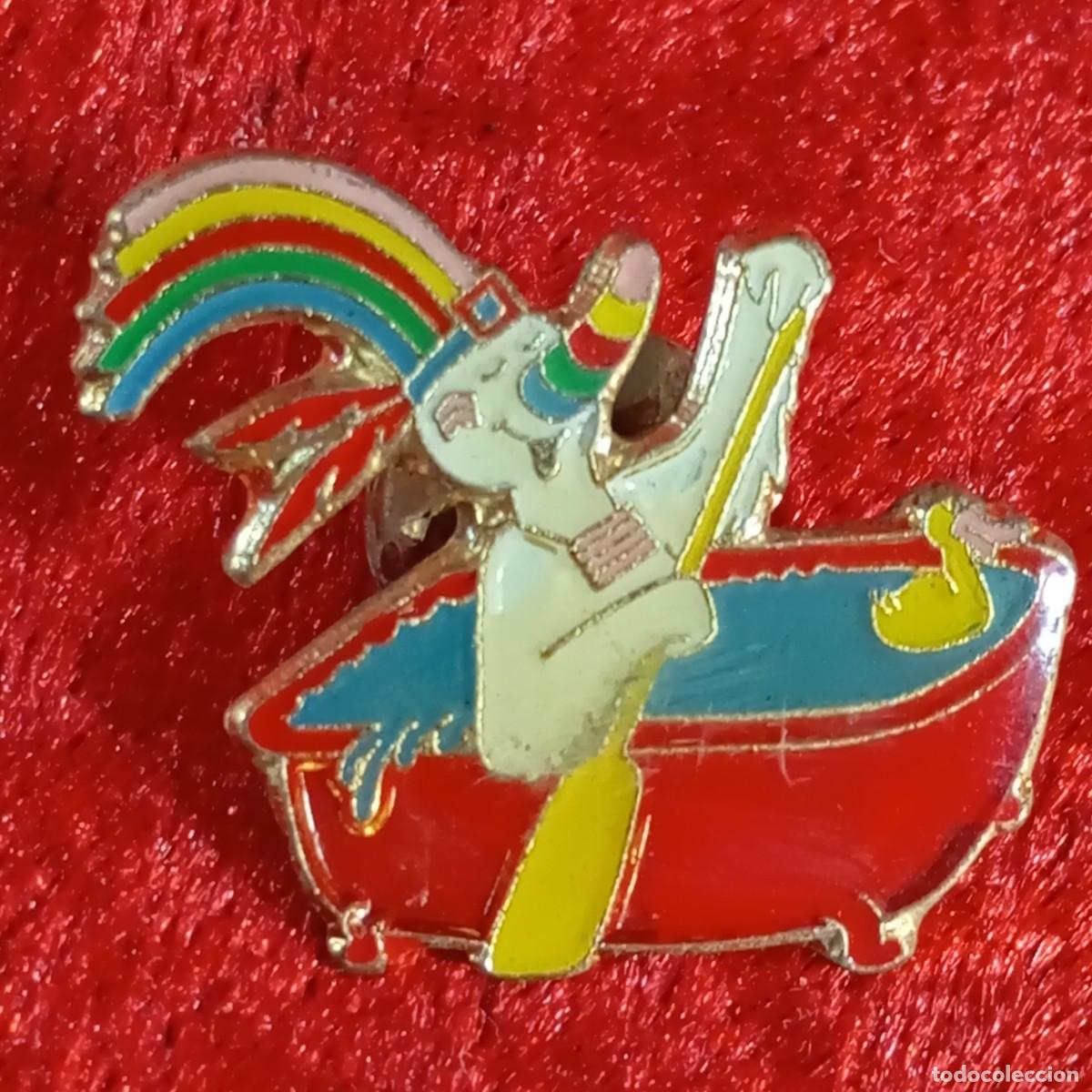 Pins de colecci&oacute;n: ANRIGUO PIN - CURRO - MASCOTA EXPO '92 SEVILLA - BA&Ntilde;ERA - BERTONI MILANO - ESMALTADO - RAROS / 651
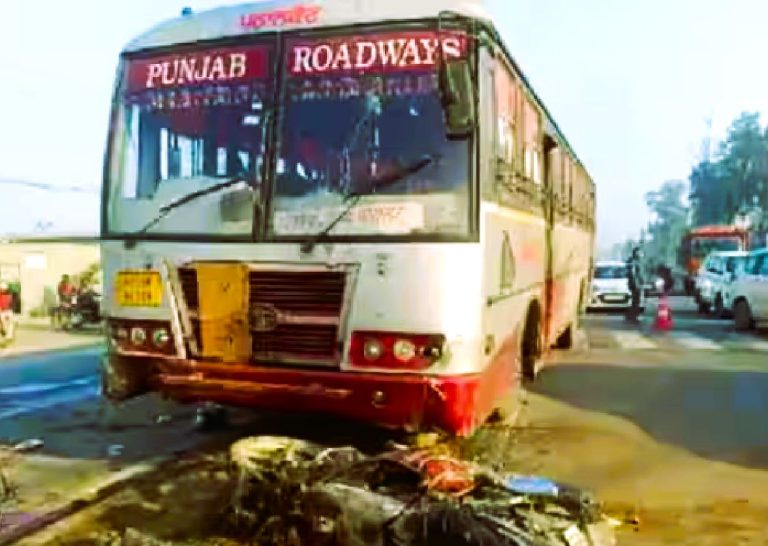 ਰੋਡਵੇਜ਼ Bus ਦਾ ਕਹਿਰ, ਵਾਪਰਿਆ ਵੱਡਾ ਹਾਦਸਾ, ਇੱਕ ਦੀ ਮੌਤ 2 ਦੀ ਹਾਲਤ ਨਾਜ਼ੁਕ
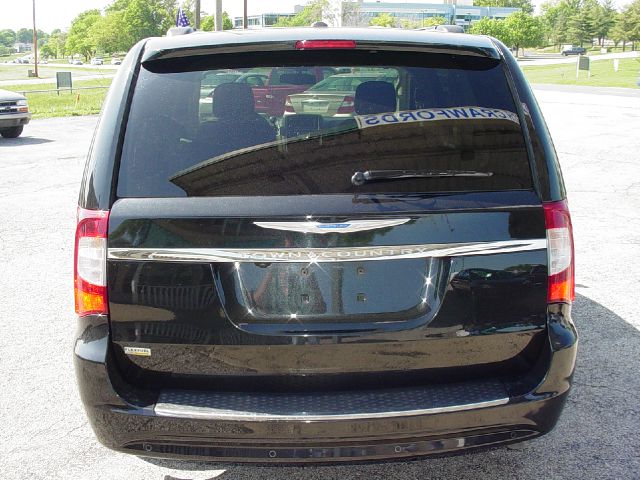 Chrysler Town and Country 2012 photo 12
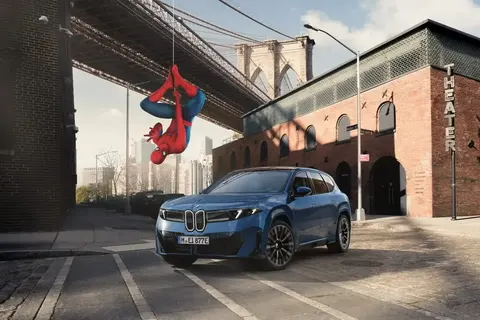 BMW перетворює екрани авто на кінотеатр: реклама Людини-павука дивує власників
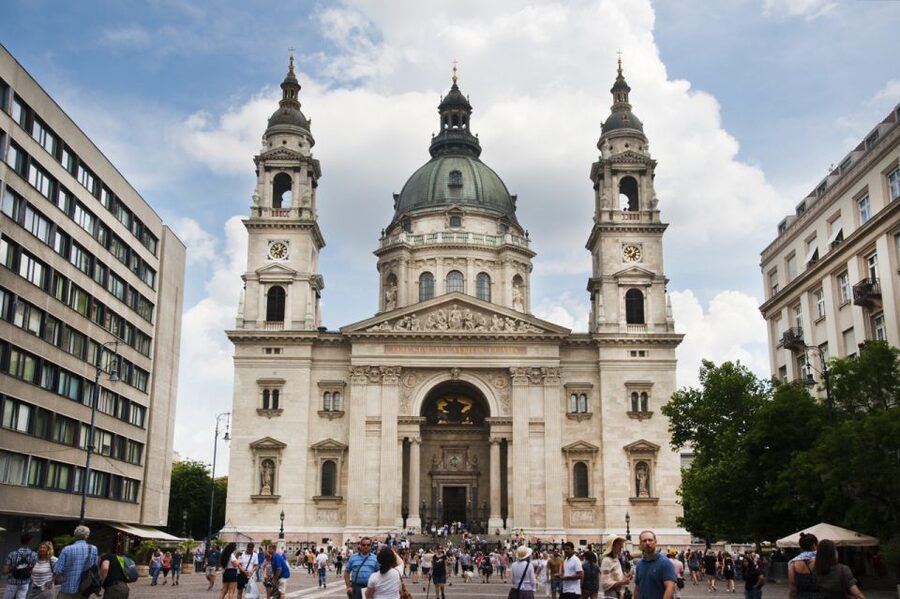 Budapest: City Center Walking Tour - Why this Pest walk works so well at the start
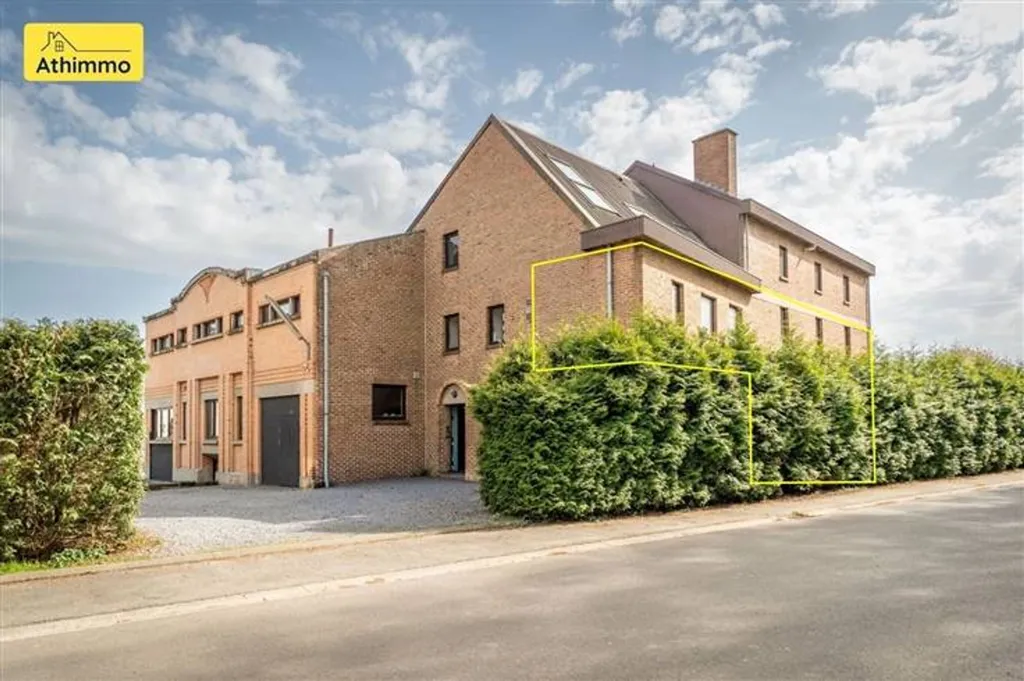 Extérieur - Loft en Duplex avec Terrasse à Blicquy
______________________________
**What the exercise asks:** The pictures in the data should be omitted, and every remaining line set down exactly.

**Exercise result:**
 Pins de colecci&oacute;n: ANRIGUO PIN - CURRO - MASCOTA EXPO '92 SEVILLA - BA&Ntilde;ERA - BERTONI MILANO - ESMALTADO - RAROS / 651
 ਰੋਡਵੇਜ਼ Bus ਦਾ ਕਹਿਰ, ਵਾਪਰਿਆ ਵੱਡਾ ਹਾਦਸਾ, ਇੱਕ ਦੀ ਮੌਤ 2 ਦੀ ਹਾਲਤ ਨਾਜ਼ੁਕ
 Chrysler Town and Country 2012 photo 12
 BMW перетворює екрани авто на кінотеатр: реклама Людини-павука дивує власників
 Budapest: City Center Walking Tour - Why this Pest walk works so well at the start
 Extérieur - Loft en Duplex avec Terrasse à Blicquy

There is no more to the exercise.